■ Required action:
Pictures stay out of the answer, but every line of the material must be restated exactly.

■ Data:
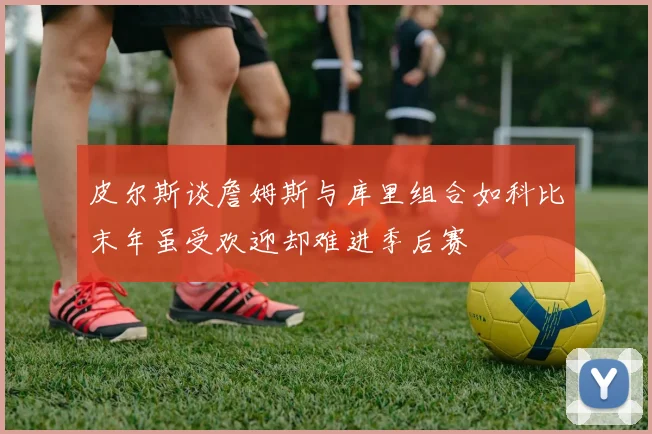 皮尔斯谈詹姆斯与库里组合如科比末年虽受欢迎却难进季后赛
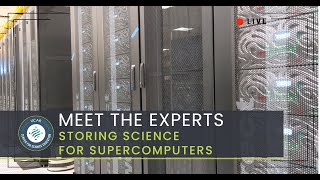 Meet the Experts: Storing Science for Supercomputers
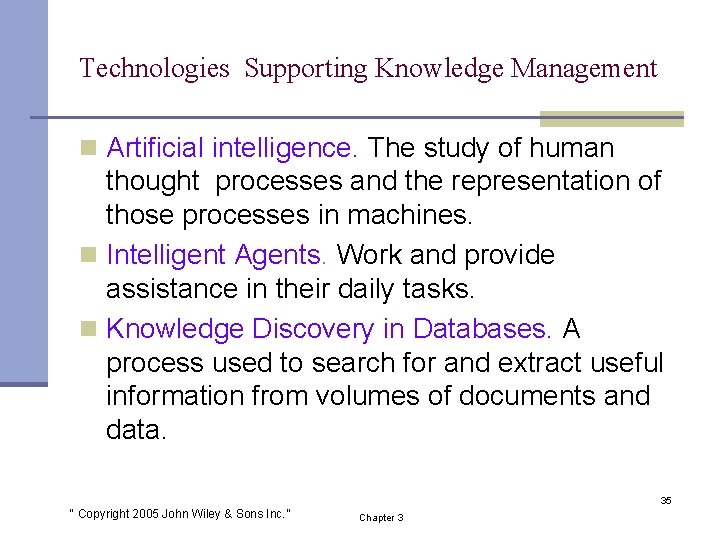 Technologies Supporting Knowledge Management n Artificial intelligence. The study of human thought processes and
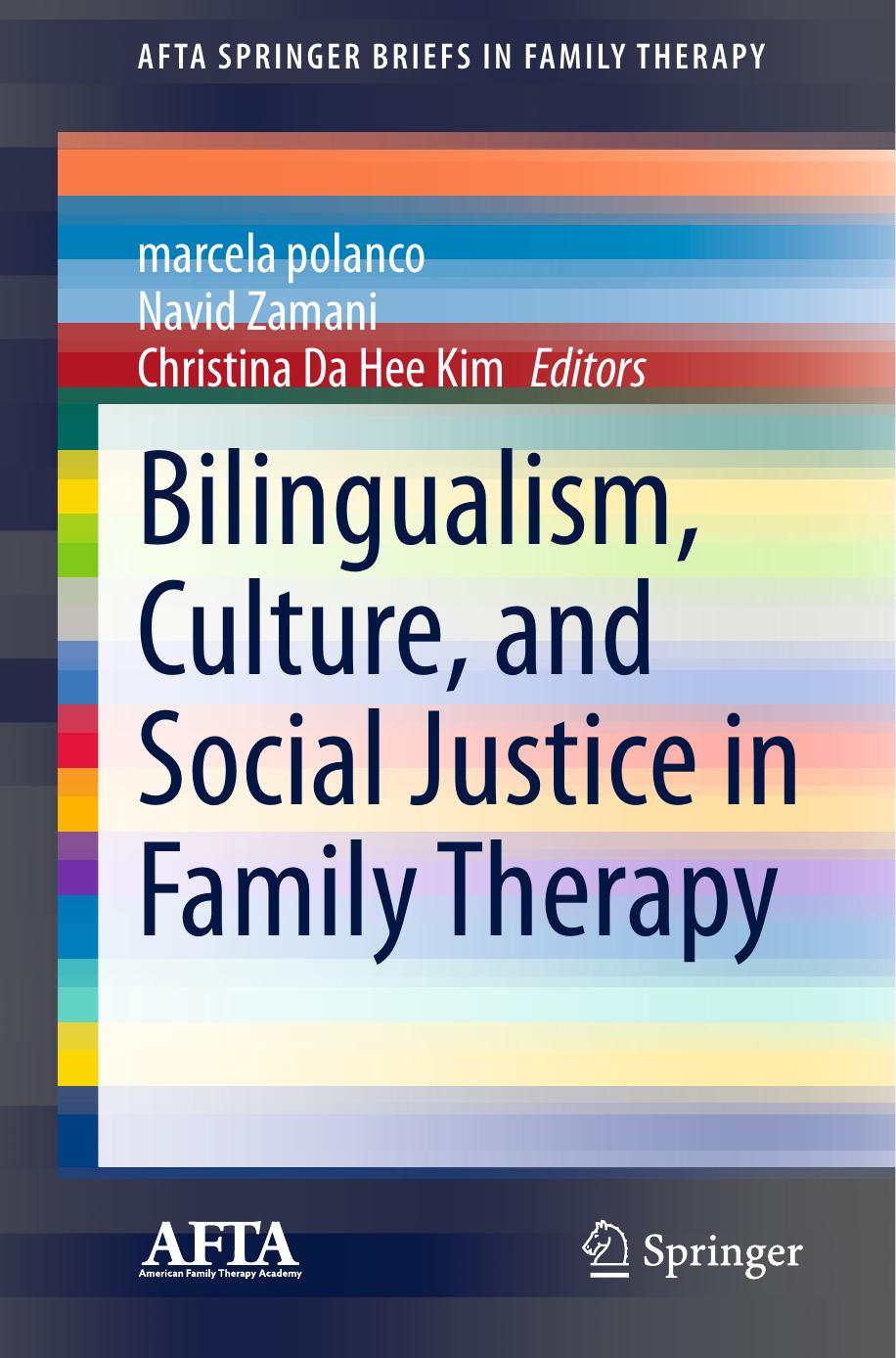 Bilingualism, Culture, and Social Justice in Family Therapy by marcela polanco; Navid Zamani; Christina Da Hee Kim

■ Worked solution:
 皮尔斯谈詹姆斯与库里组合如科比末年虽受欢迎却难进季后赛
 Meet the Experts: Storing Science for Supercomputers
 Technologies Supporting Knowledge Management n Artificial intelligence. The study of human thought processes and
 Bilingualism, Culture, and Social Justice in Family Therapy by marcela polanco; Navid Zamani; Christina Da Hee Kim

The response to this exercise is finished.